Certified child passenger safety technicians will offer free car seat safety checks and education to parents and caregivers this Saturday, Sept. 24, beginning at 11a.m. at the Warwick Mall, 400 …
Certified child passenger safety technicians will offer free car seat safety checks and education to parents and caregivers this Saturday, Sept. 24, beginning at 11a.m. at the Warwick Mall, 400 Bald Hill Road, Warwick.
Every year, the National Highway Traffic Safety Administration (NHTSA) partners with local communities to hold Child Passenger Safety Week, which runs from September 18-24. The annual safety week caps off with National Seat Check Saturday, a day for parents and caregivers to receive free instruction on how to correctly install and use the right car seats for their kids. Technicians will help determine if your children are in the right seats for their ages and sizes and explain the importance of registering car seats with the manufacturers so you can be notified if there is a recall.
“Most parents think their kids are in the right seats and that the seats are installed the right way,” said Diana Gugliotta, Senior Manager of Public Affairs for AAA Northeast, “but the reality is that nearly half of car seats are installed incorrectly, leaving kids vulnerable to injury in a crash. National Seat Check Saturday is an opportunity for parents to make sure their children are safe in their car seats and booster seats.” Sadly, two children under 13 were killed every day in 2020 while riding in vehicles, and another 278 were injured. “Don’t wait for a crash to happen to find out if your child’s seat is installed correctly. At that point, it’s too late to check,” Gugliotta added. “Let an expert check for you so you can have that peace of mind.”
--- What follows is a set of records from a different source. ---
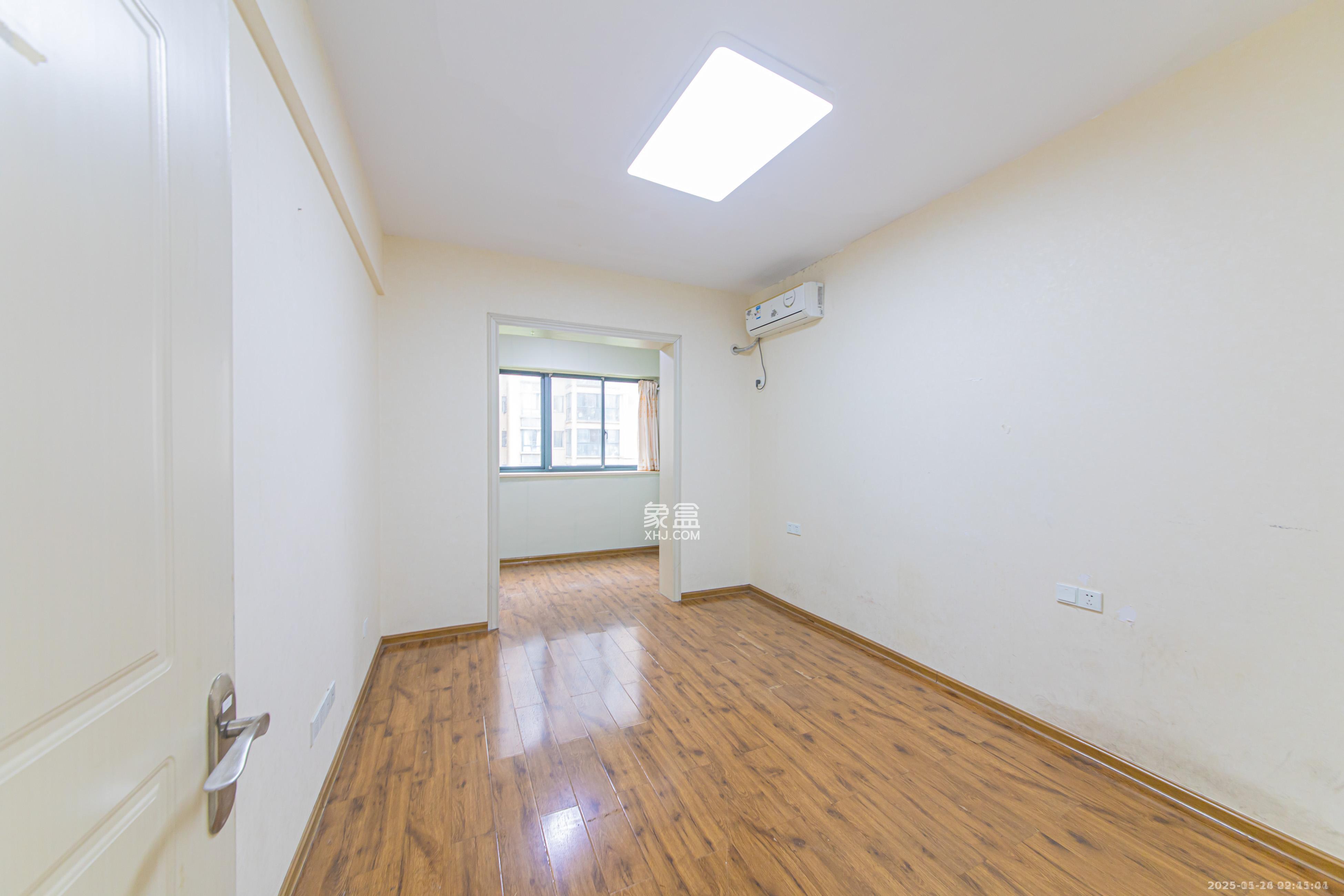 星城荣域 4室2厅1卫 4200.0元/月 星城荣域 4室2厅1卫 4200.0元/月室内图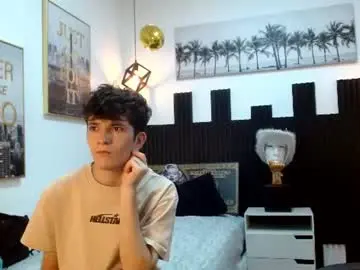 Chaturbate Best live sex cam show of trevor_mob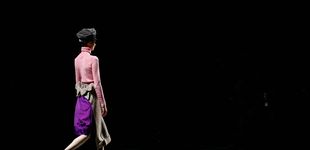 Post de Lazos, sombreros y looks con doble cara: así va a revolucionar el armario Prada
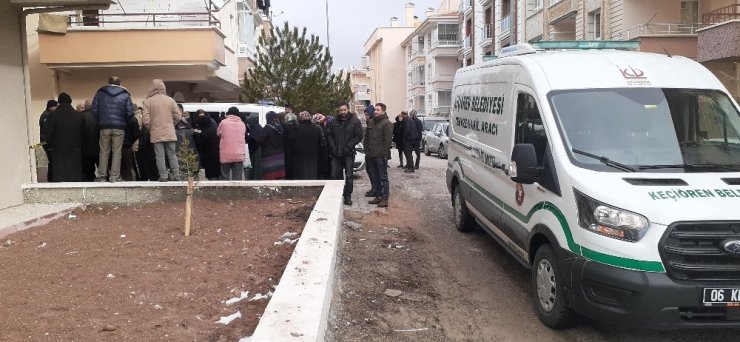 3. kattan düşen yaşlı kadın hayatını kaybetti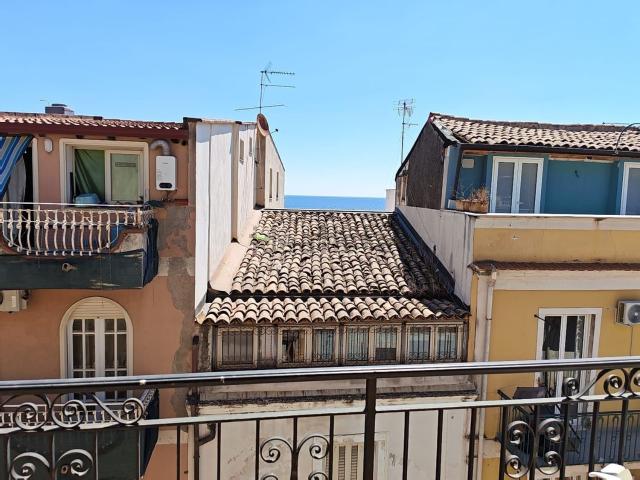 Appartamento in vendita di 80 m² in Vico Lombardo, 21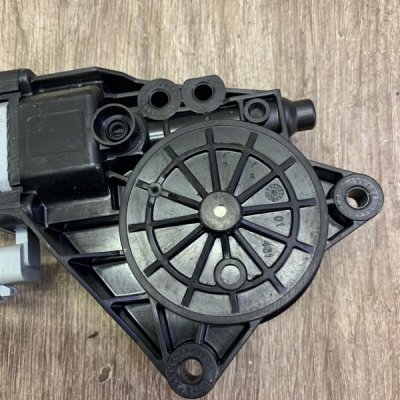 Мотор стеклоподъемника Hyundai I30 2010 универсал Перед. Прав. - изображение 4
Motor vehicle crashes are a leading cause of death for children, and the latest research from NHTSA shows that 46% of car seats are misused. Using age- and size-appropriate car seats and installing them correctly are the best ways to reduce crash fatalities among children. More than a third of children 12 and younger who died in crashes in 2020 in cars, pickups, vans, and SUVs were unbuckled.
From 2016 to 2020, there were 1,721 “tweens” (8 to 14 years old) killed in passenger vehicles, and in 2020 alone, the 8- to 12-year-old age group had the highest number of fatalities (216) among children in passenger vehicles. Booster seats are a critical step between harness car seats and adult seat belts. If the seat belt doesn’t fit your child correctly, it won’t offer them the optimal protection in a crash.
There is a deadly misconception that a certain type of vehicle may offer greater protection for your child. In 2020, 53% of the children killed while riding in light trucks were unrestrained, followed closely by SUVs (46%), passenger cars (34%), and vans (34%). Children are safest when correctly secured in the right car seats or booster seats for their ages and sizes — no matter the vehicle type. A bigger vehicle doesn’t mean your child can ride unbuckled.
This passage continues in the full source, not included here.